In this article, we’ll look at how to use the Intel® RealSense™ Depth Camera D435i to do real-time depth estimate of detected objects. To accomplish this, we’ll need an Intel® RealSense™ Depth Camera D435i, as well as a PC or laptop running Windows, Linux, or Mac OS. The following setup can also be run on arm architecture-based computing system like Jetson Nano or its variants if you install some packages by building it from the source. Although a GPU is ideal for object detection, this tutorial will execute adequately with a CPU as well.

Link to the source code for this tutorial is provided at the end of this article.

Before getting into sensor handling and programming, let’s install the SDK: Intel® RealSense™ Software Development Kit 2.0. For more in-depth understanding of the SDK, or to contribute to the source code, you can check https://github.com/IntelRealSense/librealsense.
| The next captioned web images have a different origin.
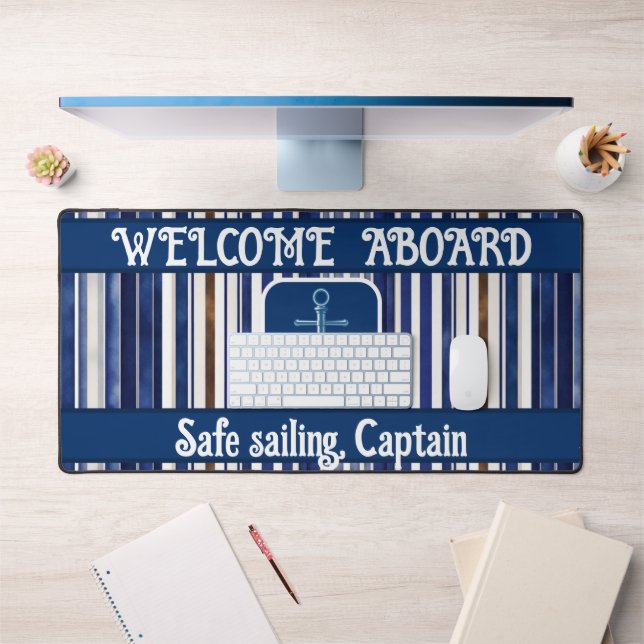 Summer Navy Blue Trendy Boat Stripes Collection Desk Mat (Office 1)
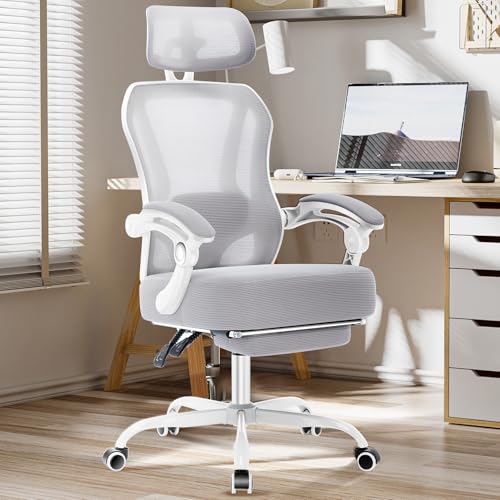 Ergonomic Office Chair with Footrest,Ultra Thick Desk Chair,Grey - color: Grey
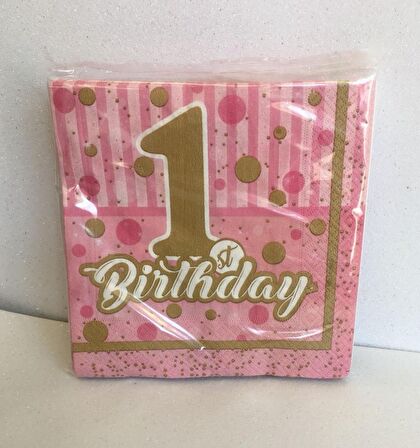 PEÇETE 1 BİRTHDAY 16'LI PEMBE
The upcoming sections and programs implemented are in Python3 (3.9.6), so keep that in mind if you run into any problems. Additionally, the Pytorch version used for YOLOv5 is 1.9.1+cu111 (CUDA supported), higher versions tend to give errors, especially since I am using an older version of YOLOv5 (v3). Minimum system requirements to run Intel® RealSense™ Software Development Kit 2.0 are Ubuntu*16.xx/Windows*10.

I would recommend creating a virtual environment in python for this project (let’s call it ‘realTimeDepth’).

python -m venv realTimeDepth

Activate the venv with the following command (Windows):

realTimeDepth\\Scripts\\activate

Real-time depth or distance perception

Depth perception is an important part of robotics. Depth perception is defined as “the visual ability to see the environment in three dimensions” (3D). Whether you’re a robot, an animal, a human, or a cyborg, real-world perception is essential for navigating, responding to the environment, and accomplishing activities in real time. While different entities use different methods to perceive depth, robots has to rely on artificial intelligence to perceive depth from 2-dimensional images, which can be erroneous and difficult task. To address this problem, light detection and ranging (LiDAR) depth data is used to improve depth perception in addition to ocular perception.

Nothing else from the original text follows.